Base agent stop controls

  • remaining_steps is checked throughout routing; the graph may reserve terminal budget after tools.
  • search_budget_limit and tool/model counters are normalized into budget_state.
  • unknown_after_searches caps how long unresolved schema fields stay eligible before being treated as exhausted.
  • finalize_on_all_fields_resolved can force an end once all resolvable fields are complete.
  • The tool wrapper also tightens budgets on repeated low-signal, low-efficiency, dedupe-heavy, or empty-round behavior.

Research stop controls

  • The stopper uses evaluate_research_outcome() rather than only checking round counts.
  • It combines rounds, query count, token use, elapsed time, target-items goal, plateau rounds, and novelty minimum.
  • Recursion-limit protection is treated as a first-class stop signal and is passed into the completion gate.
  • Strict temporal mode can also fail fast if the temporal verifier module is unavailable.

Source-of-Truth Files

These files define the current implementation shown above.
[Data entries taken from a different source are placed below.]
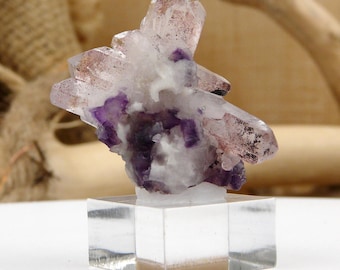 Cuarzo + Fluorita Natural – Cristal en Bruto Único – Piedra Energética – India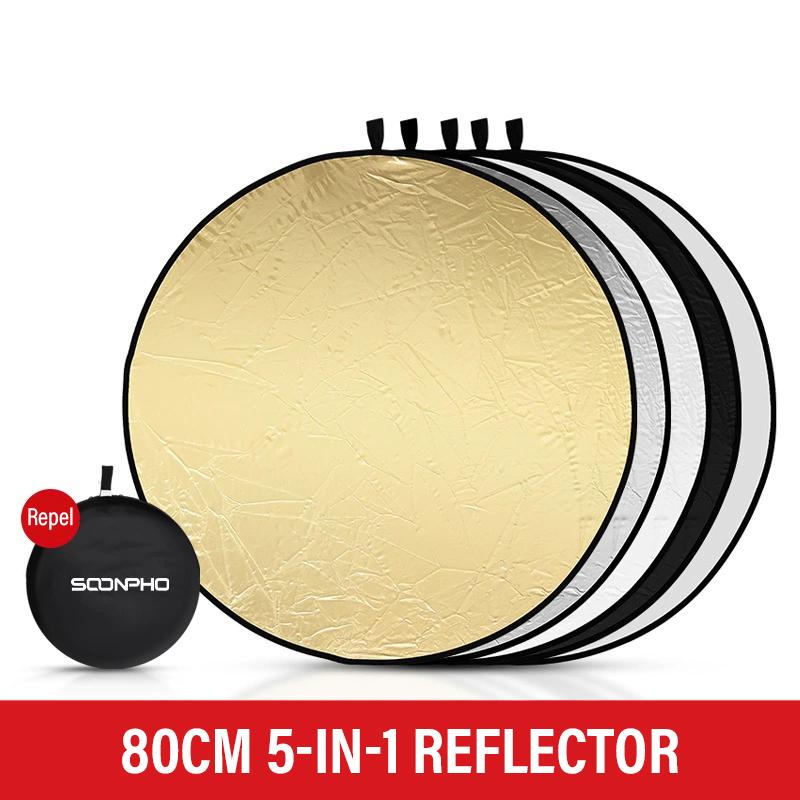

60cm/80cm/110cm Portable 5 in 1 Photography Reflector For Photography Light Diffuser Photo Studio Accessory Handhold Portable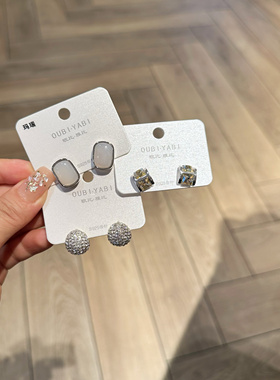 欧比雅比法式银针新款高级耳钉轻奢小众设计感耳环精致百搭46404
If the pipeline changes, these are the files to diff first.

File Why it matters
asa/R/agent__initialize.R Creates Search, Wikipedia, and OpenWebpage tools; chooses standard vs memory-folding agent; configures proxy/Tor and search defaults.
asa/R/agent__run_engine.R Injects per-run runtime state such as recursion limit, schema, search budget, auto-open-webpage policy, webpage policy, and finalization settings.
asa/inst/python/asa_backend/graph/agent_graph_core.py Main LangGraph agent implementation, tool wrapper, memory folding, observational memory, automatic webpage follow-up, diagnostics, and budget control.
asa/inst/python/workflows/research_graph_workflow.py Planner/searcher/deduper/stopper workflow for enumeration-style research, including temporal filtering and low-yield webpage auto mode.
asa/inst/python/asa_backend/search/ddg_transport.py Tiered DDG transport, anti-detection timing, Tor rotation, proxy blocklist, Selenium fallback, DDGS fallback, and raw scrape fallback.
asa/inst/python/tools/webpage_reader_tool.py OpenWebpage implementation: SSRF guard, blocked-fetch detection, cache, PDF extraction, excerpt selection, and error payload formatting.
asa/tests/testthat/test-search-tiers.R Confirms the expected DDG tier markers exposed in traces: curl_cffi, primp, selenium, ddgs, requests.

Practical Read of the Current Design

The current system is not just a search tool attached to a model. It is a controlled graph runtime with explicit retry and finalization nodes, a transport stack built to survive DDG blocking, and a second layer of webpage escalation that is constrained by scored URL selection, host cooldowns, and budgets. The research workflow is a separate planner/search loop, but it still relies on the same search and webpage primitives.

In short: R selects and seeds the graph, Python runs the state machine, search uses a five-tier DuckDuckGo fallback ladder, and webpage reading is optional, cached, relevance- filtered, and policy-gated rather than always-on.
Generated from code inspection in the local workspace. No external sources were used.